Exercise brief:
Retype, with no pictures, each line from the one that holds "Mastiff and Santa" through the last line of the entries below, both included.

Data shown:
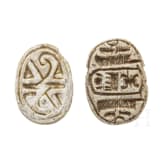 Zwei Amulettskarab&auml;en, alt&auml;gyptisch, 2. - 1. Jtsd. v. Chr.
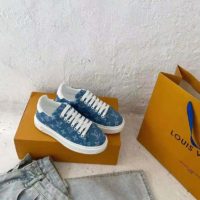 Louis Vuitton Women Time Out Sneaker Blue Monogram Denim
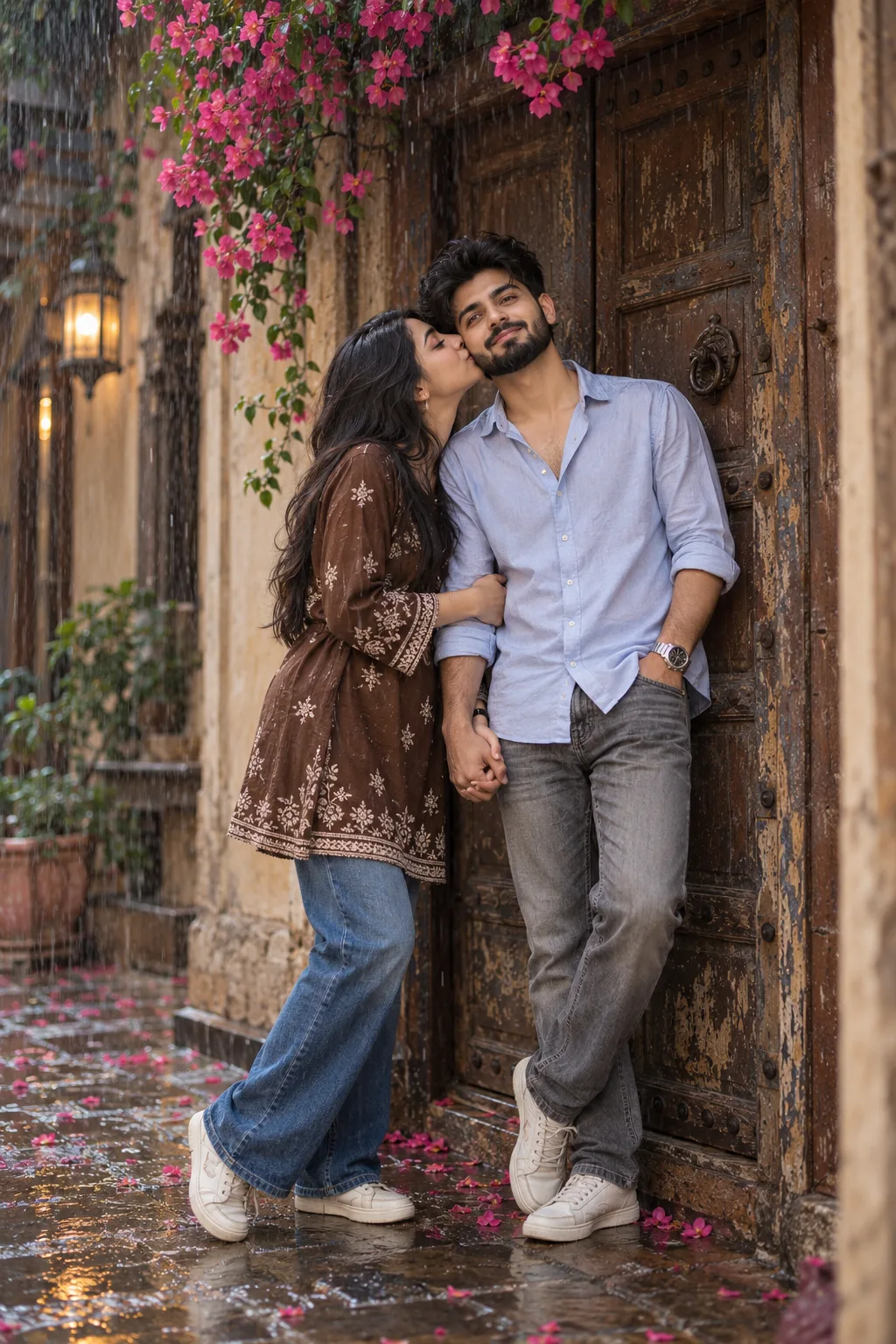 Romantic South Asian couple in gentle rain, standing before a rustic vintage wooden door.
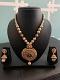 Pearl Necklace With Gold Pendent With Earrings Pearl Necklace With Gold Pendent With Earrings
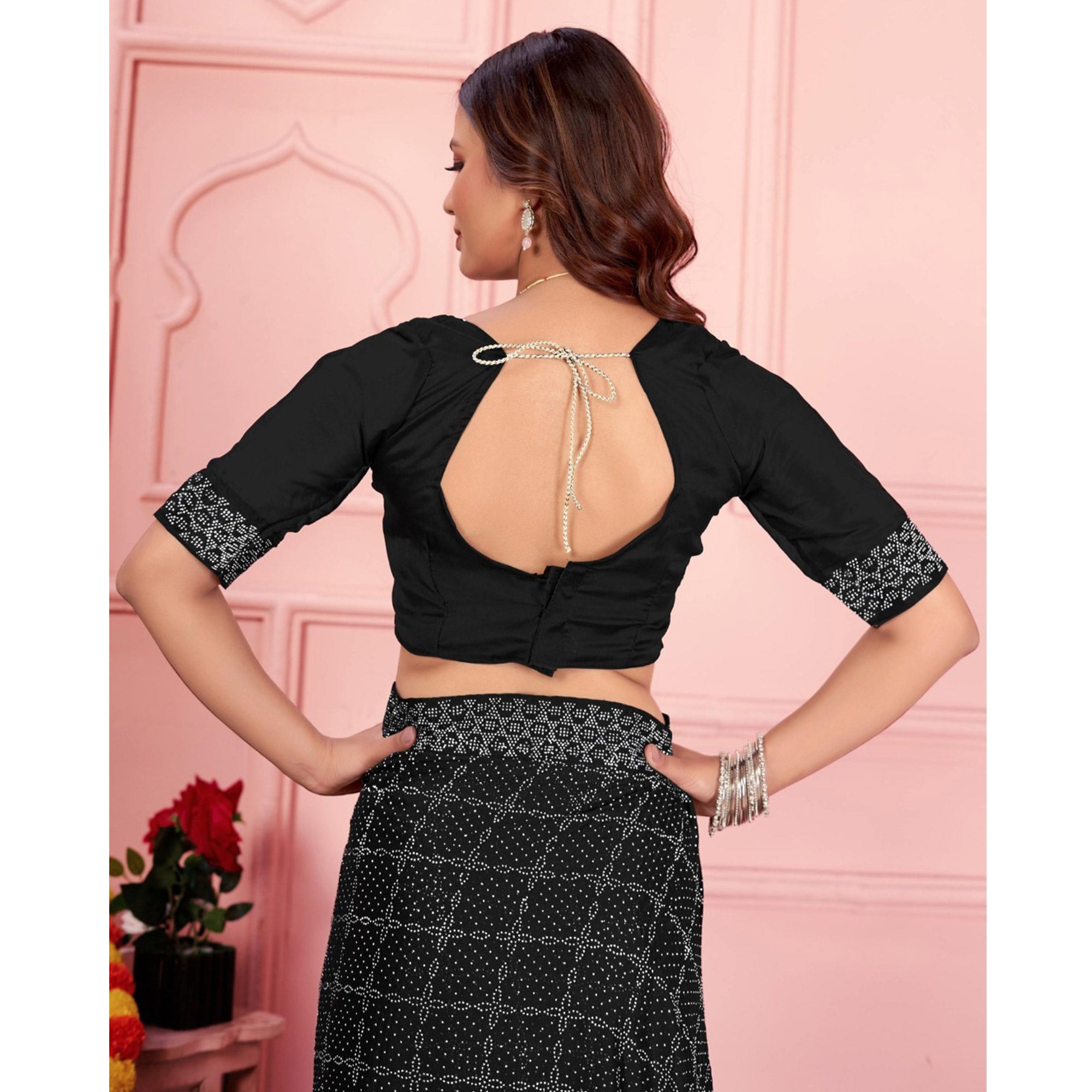 Black Swarovski Work Satin Saree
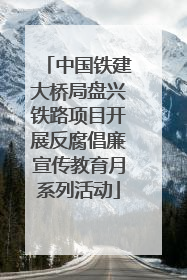 中国铁建大桥局盘兴铁路项目开展反腐倡廉宣传教育月系列活动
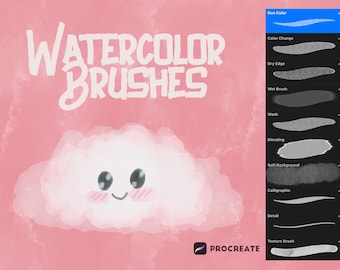 Realistische aquarelpenselen voor voortplanten, penseelset voortplanten, aquarelkit, digitale penselen voor voortplanten, penseelset schilderen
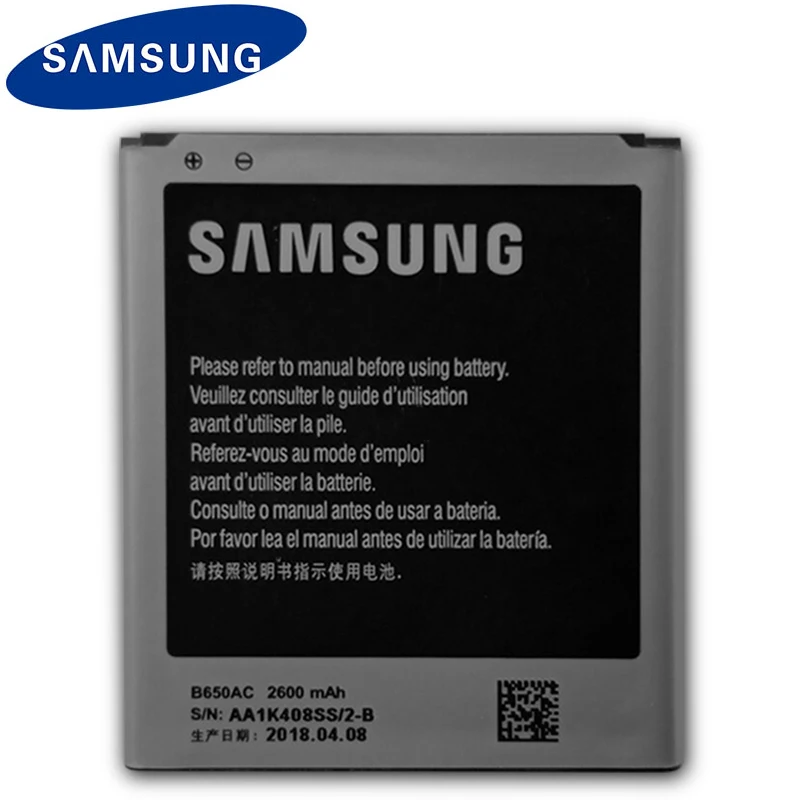 

100% оригинальный сменный аккумулятор SAMSUNG B650AC для Samsung Galaxy Mega I9152 I9158 B650AC, Аутентичные батареи для телефона 2600 мАч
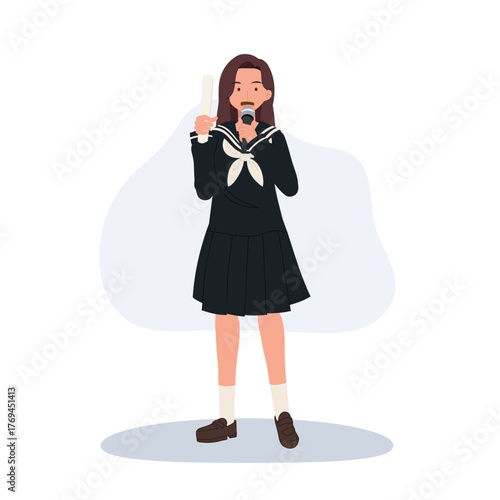 asian student in school uniform delivering speech with microphone showing youth confidence and education life moment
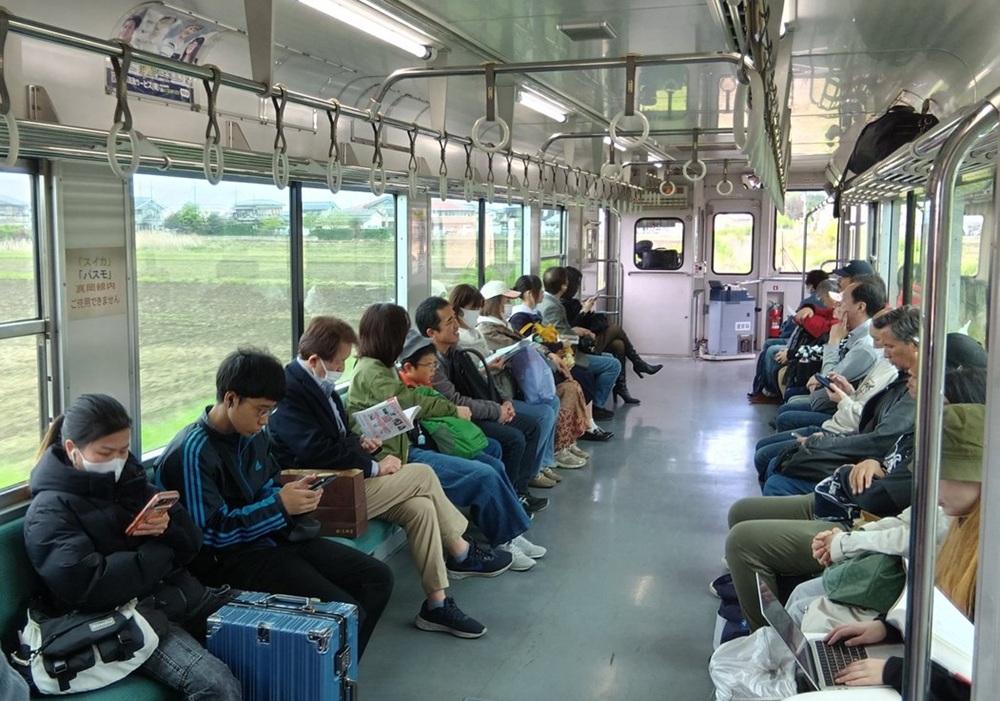 真岡鉄道の車内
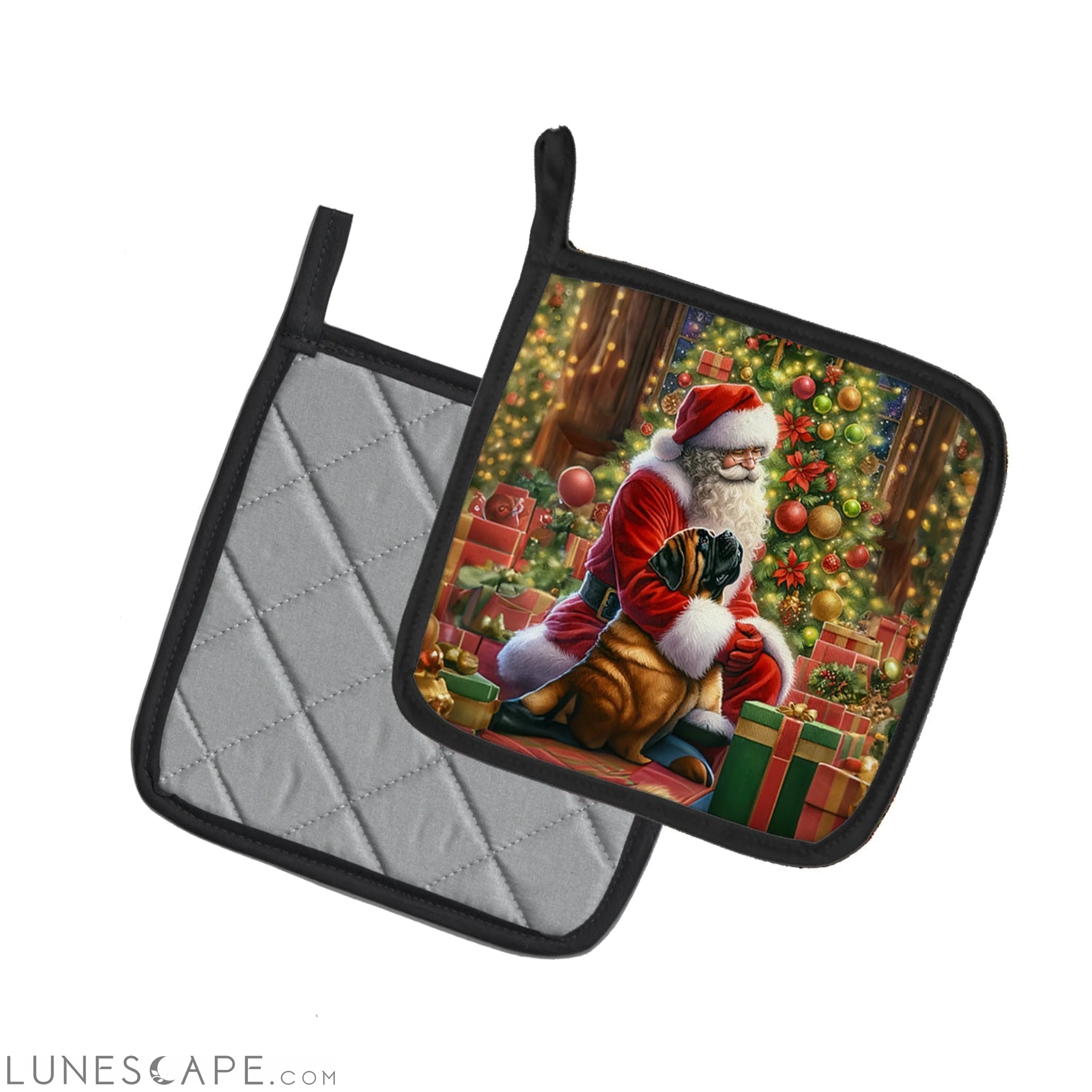 Mastiff and Santa Claus Pair of Pot Holders LUNESCAPE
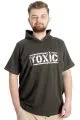 Büyük Beden Erkek T-shirt Kapşonlu TOXIC 23119 Haki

Solution for this task:
 Mastiff and Santa Claus Pair of Pot Holders LUNESCAPE
 Büyük Beden Erkek T-shirt Kapşonlu TOXIC 23119 Haki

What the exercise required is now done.